A storm a month ago or so knocked half a tree down. The tree fell right next to a rental and the force took down an entire wall. The damage is about $15k.
I contacted our insurance and they are denying our claim, citing the following:
collapse, including any of the following conditions of property or any part of the property: (1) An abrupt falling down or caving in; (2) Loss of structural integrity, including separation of parts of the property or property in danger of falling down or caving in; or (3)Any cracking, bulging, sagging, bending, leaning, settling, shrinkage or expansion as such condition relates to (1) or (2) above
Their reasoning is that the tree didn't fall directly on the wall itself, and claim that the basement was faulty prior to the incident. We do not have pictures because the demo contractor was removing the tree at the dead of night in the storm.
How do I fight this? It is enraging that in a time of need the insurance company will do what they can do wiggle out of this. Why do I even pay them for the policy?
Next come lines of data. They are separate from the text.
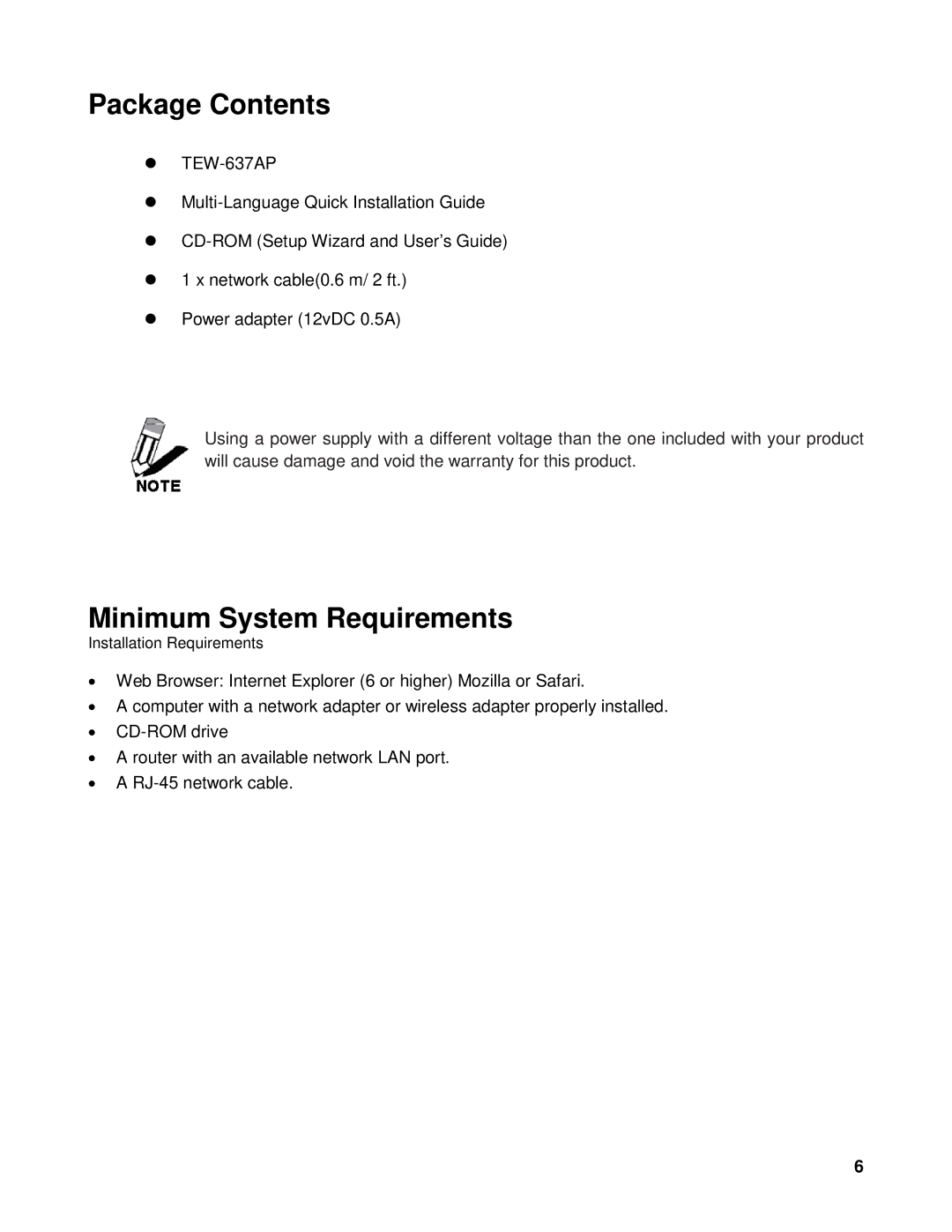 TRENDnet TEW-637AP 3.01 manual Package Contents, Minimum System Requirements 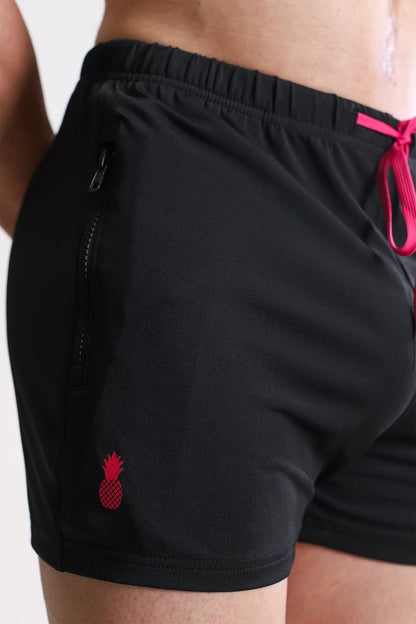 JJ Malibu Men's Karma 2" Short Shorts with Zipper Pockets - Black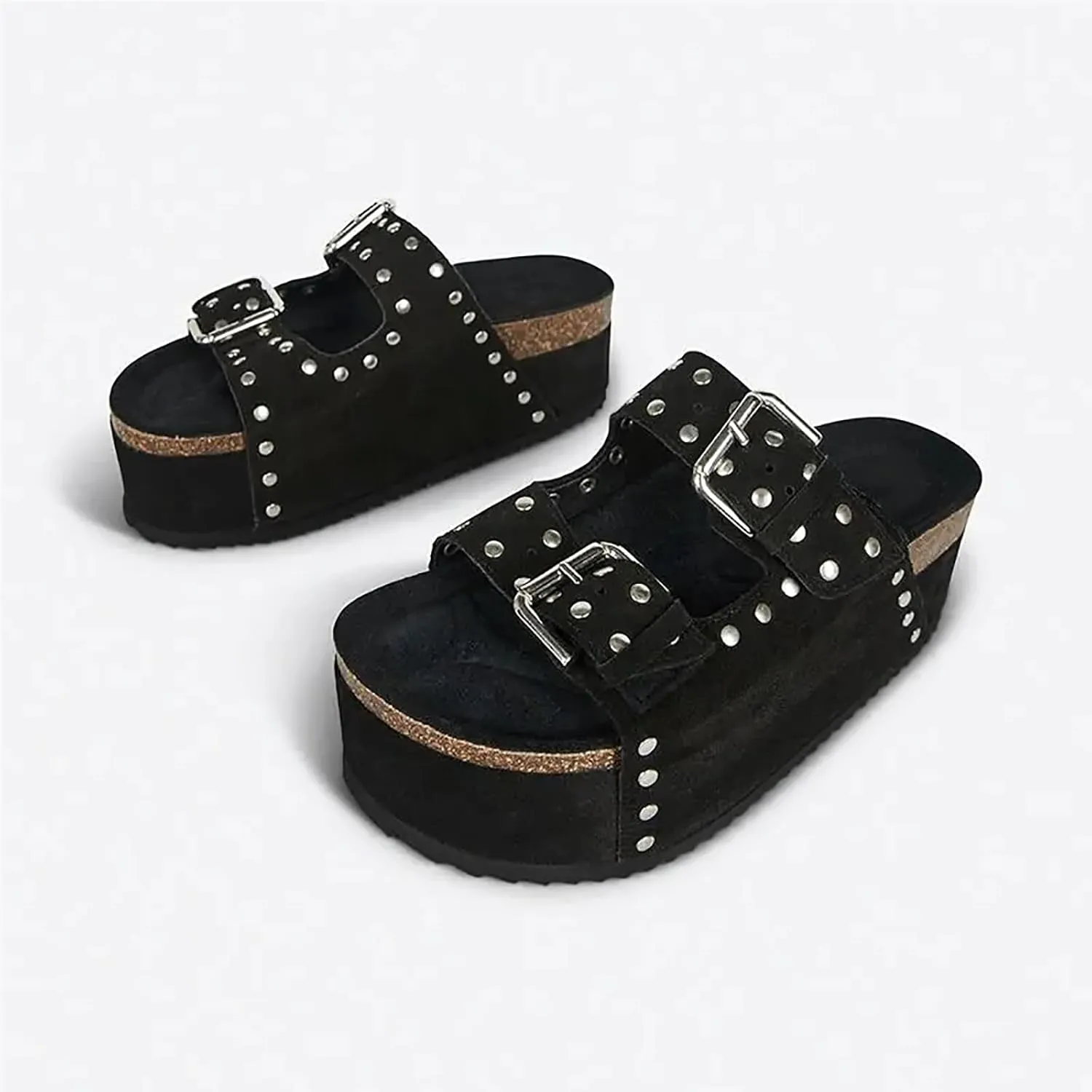 Womens Genuine Leather Cork Platform Sandals Adjustable Buckle Straps Band Suede Clogs Platform Slip on Flatform Sandals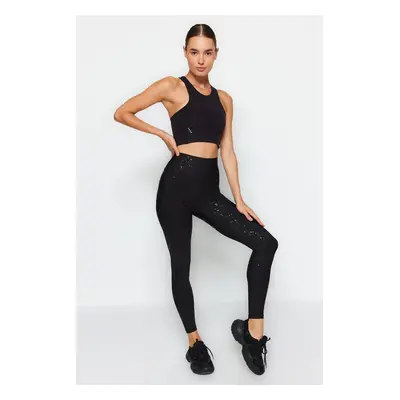 Trendyol Black Recovery Shiny Fabric Detailní pletené sportovní legíny po celé délce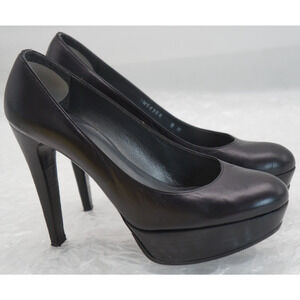 Stuart Weitzman High Heel Stilts Platform Pump Shoes 9 M Black Leather $395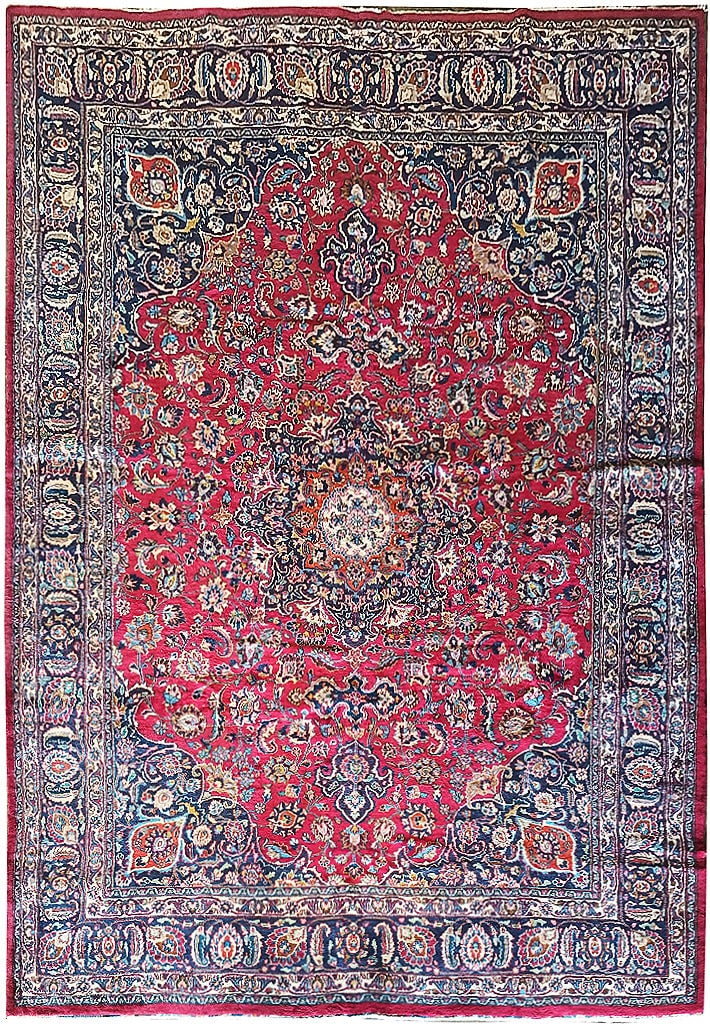 Hand-Knotted Persian Mashad Rug 9.10 x 13.1 Deep Red Premium Wool: Hand-Knotted Persian Mashad Rug 9.10 x 13.1 Deep Red Premium Wool Free continental US Shipping Enhance your living space with the exquisite 9.10 x 13.1 Persian Traditional Mashad Rug in a stunning dee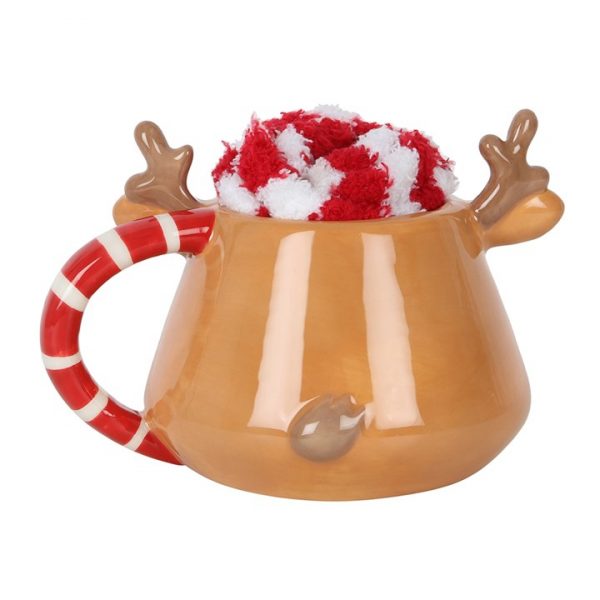 🎄 Cosy Christmas Gift Set – Reindeer Mug & Fluffy Socks 🎁 - Image 2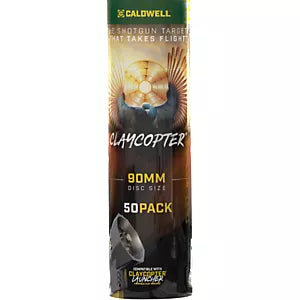 Clamcopter 90mm disc shot packaging with branding on a white background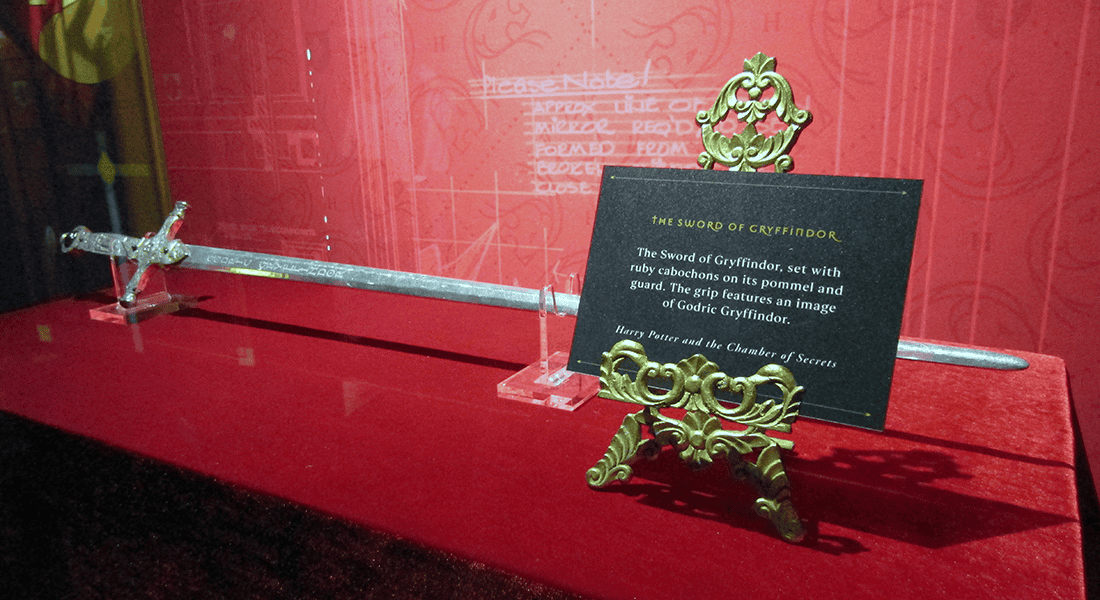 The Sword of Gryffindor at Harry Potter: The Exhibition in New York City (photo by Stephanie Kaplan for Theme Park Magazine)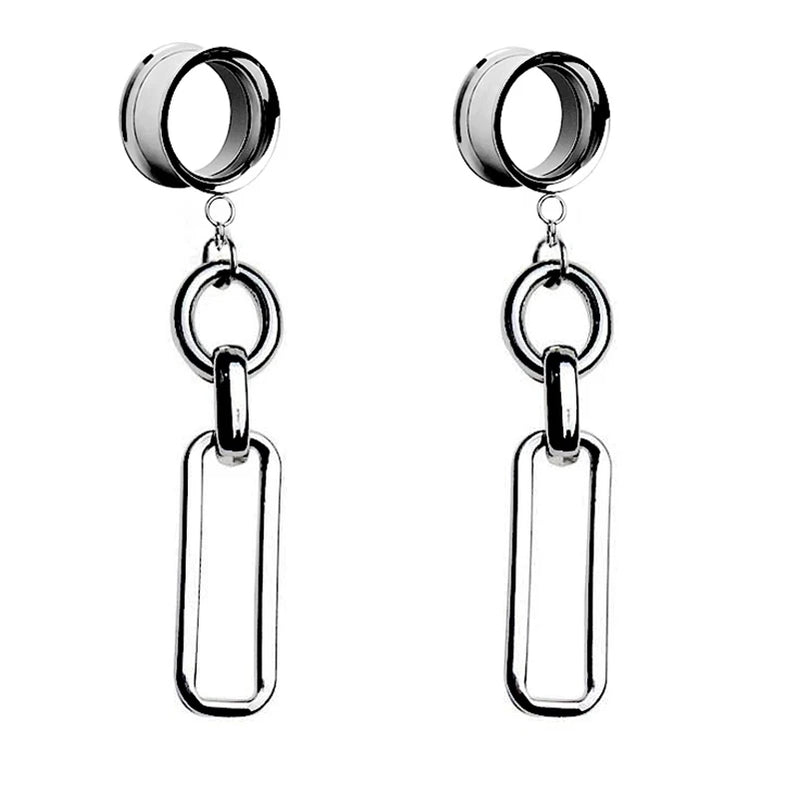 2PCS Punk Dangle Chain Ear Tunnels Plugs Earrings Stretcher Gauges Ear Piercing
An attorney I am working with wants to write a letter to try and convince the insurance company on the basis of Efficient Proximate Cause. The attorney's fees for this are about $1k. I had my insurance agent reach out to the adjuster and he seems pretty dug in on his position. Is this letter worth the money to try and argue my case? I am worried that the insurance will just drag this out, demanding more $1k letters, possibly engineering studies, etc.
Any suggestions on what I should do?